# Introduction

The *pyveg* package contains some useful functions for interacting with the Python API of Google Earth Engine to download images, and also code to process these images and prepare them for analysis.

In particular, we want to look at the "connectedness" of patterned vegetation.  To do this, we download NDVI (Normalised Difference Vegetation Index) images from GEE, and use some image processing techniques to convert these into binary black-and-white images, that we then divide into 50x50 pixel sub-images, and do some network analysis on them.

Before we can use GEE, we need to authenticate (assuming we have an account).

In [None]:
import ee
ee.Authenticate()

## Pipelines, Sequences, and Modules

In pyveg, we have the concept of a "Pipeline" for downloading and processing data from GEE.

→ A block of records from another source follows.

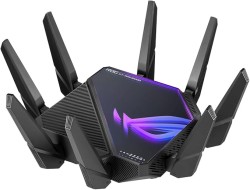 ASUS ROG Rapture GT-AXE16000 Quad-band WiFi 6E Extendable Gaming Router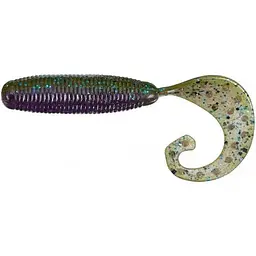 Силікон Reins Fat G-Tail Grub 3 10 шт/уп. Фіолетовий (1013-1552.08.61)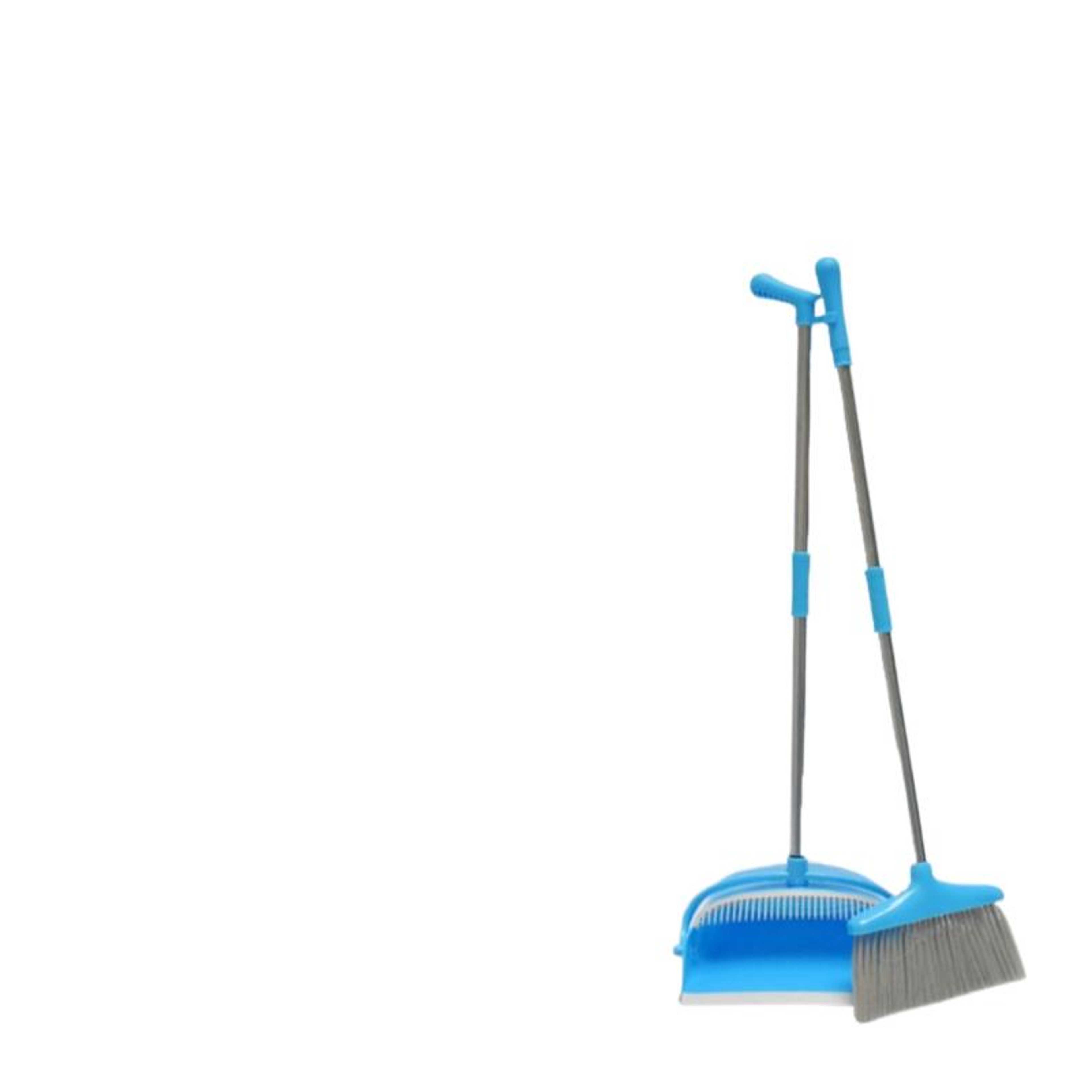 AlClean Broom & Dust Pan Set (Best Quality Dustpan Set)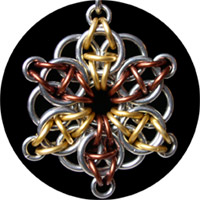 Celtic Visions Star Pendant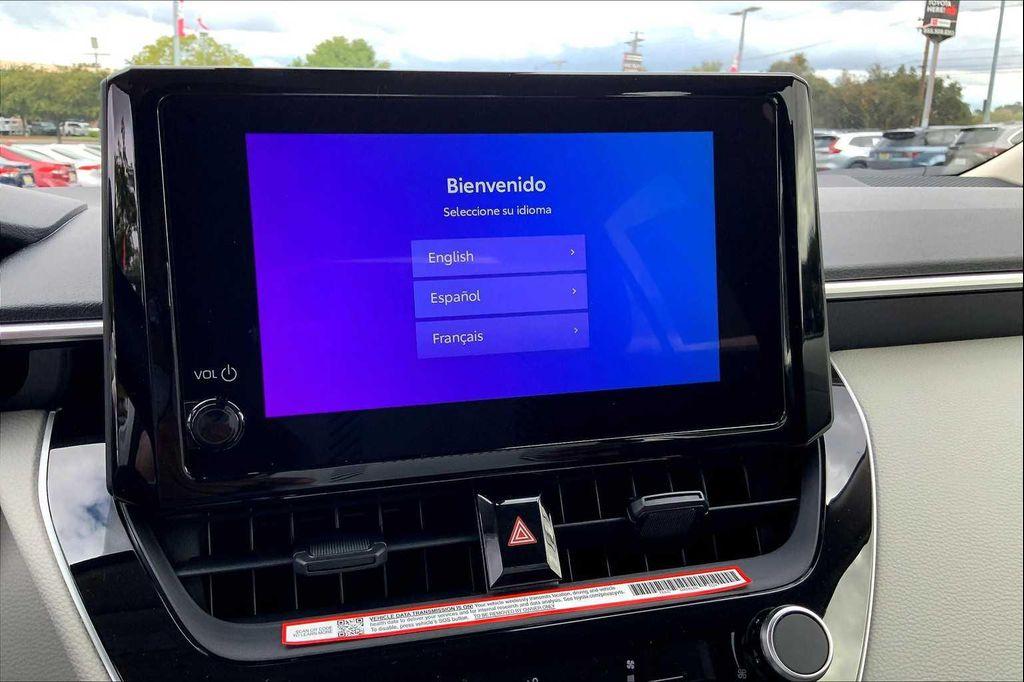 new 2026 Toyota Corolla car, priced at $25,073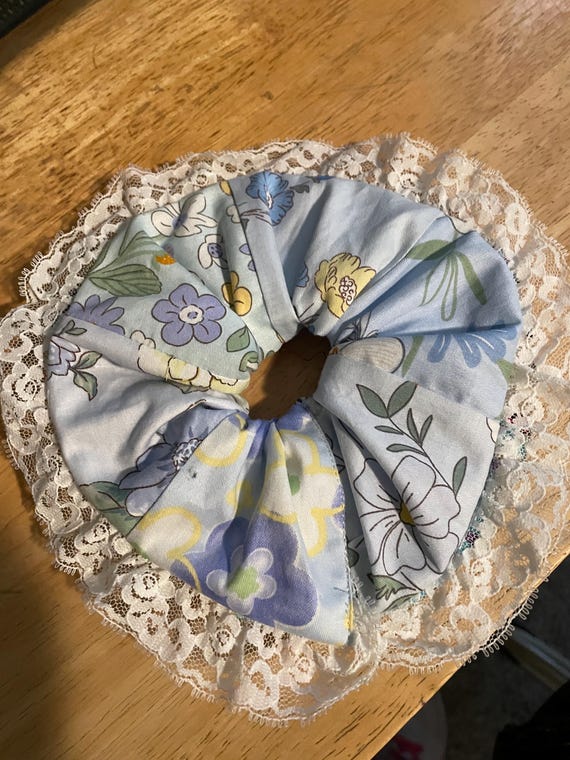 reversable scrunchies/extra large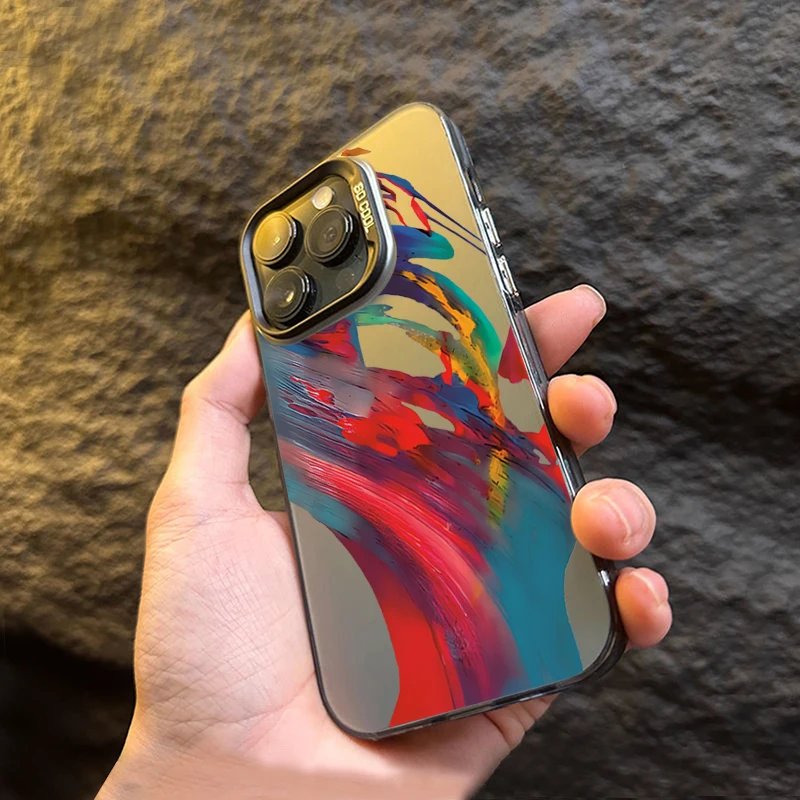 Fashion Doodle Drawing Phone Case For Samsung Galaxy S24 S23 S22 S21 Ultra Plus S20 FE A15 A35 A55 A23 A52 Shockproof Back Cover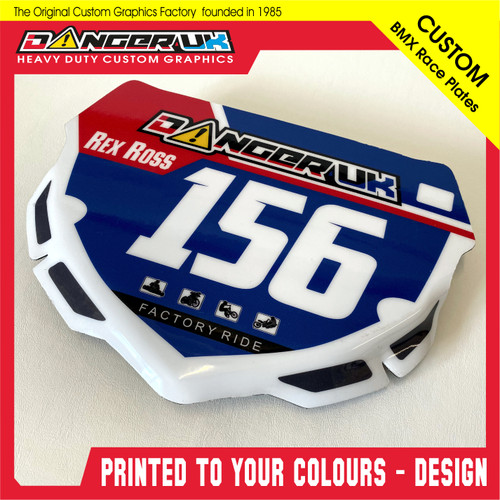 Bmx race plate - bmx, hook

A Pipeline is composed of one or more Sequences, which are in turn composed of Modules.

A Module is an class designed for one specific task (e.g. "download vegetation data from GEE", or "calculate network centrality of binary images"), and they are generally grouped into Sequences such that one Module will work on the output of the previous one.  
So our standard Pipeline has:
* A vegetation Sequence consisting of VegetationDownloader, VegetationImageProcessor, NetworkCentralityCalculator, and NDVICalculator.   
* A weather Sequence consisting of WeatherDownloader, WeatherImageToJSON
* A combiner Sequence consisting of a single combiner Module, that takes the outputs of the other two Sequences and produces a final output file.

### Running the full pipeline from the command-line

For the second part of this notebook will will demonstrate running individual Modules and Sequences, but the majority of users will probably just want to run the full Pipeline for their selected location/collection/date range, so we will cover that first.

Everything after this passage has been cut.